TRY IT: Any picture in the material should be left out, while all other lines are copied exactly.

___ COLLECTED DATA ___

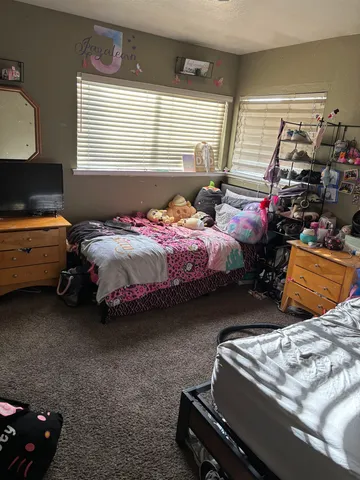 a bedroom with bed and window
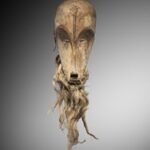 An Elderly Couple, A Bric-A-Brac Dealer, And Gabonese In France Are Fighting Over A Rare Mask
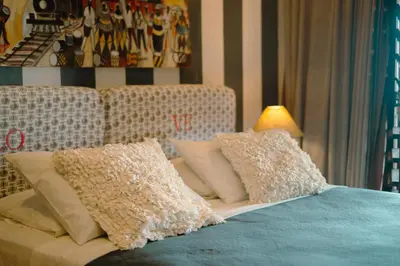 Uma cama ou camas num quarto em Zebra Boutique Hotel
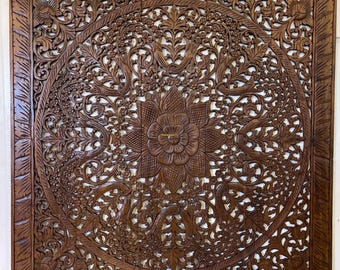 Könnte beinhalten: Eine große, aufwendig geschnitzte Holz-Wandverkleidung mit einem floralen Design. Die Verkleidung ist aus dunkelbraunem Holz und hat eine quadratische Form. Das Design zeigt eine große zentrale Blume, die von kleineren Blumen und Blättern umgeben ist. Die Verkleidung ist perfekt, um jedem Raum einen Hauch von Eleganz und Raffinesse zu verleihen.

___

REPLY TO THE EXERCISE:
 a bedroom with bed and window
 An Elderly Couple, A Bric-A-Brac Dealer, And Gabonese In France Are Fighting Over A Rare Mask
 Uma cama ou camas num quarto em Zebra Boutique Hotel
 Könnte beinhalten: Eine große, aufwendig geschnitzte Holz-Wandverkleidung mit einem floralen Design. Die Verkleidung ist aus dunkelbraunem Holz und hat eine quadratische Form. Das Design zeigt eine große zentrale Blume, die von kleineren Blumen und Blättern umgeben ist. Die Verkleidung ist perfekt, um jedem Raum einen Hauch von Eleganz und Raffinesse zu verleihen.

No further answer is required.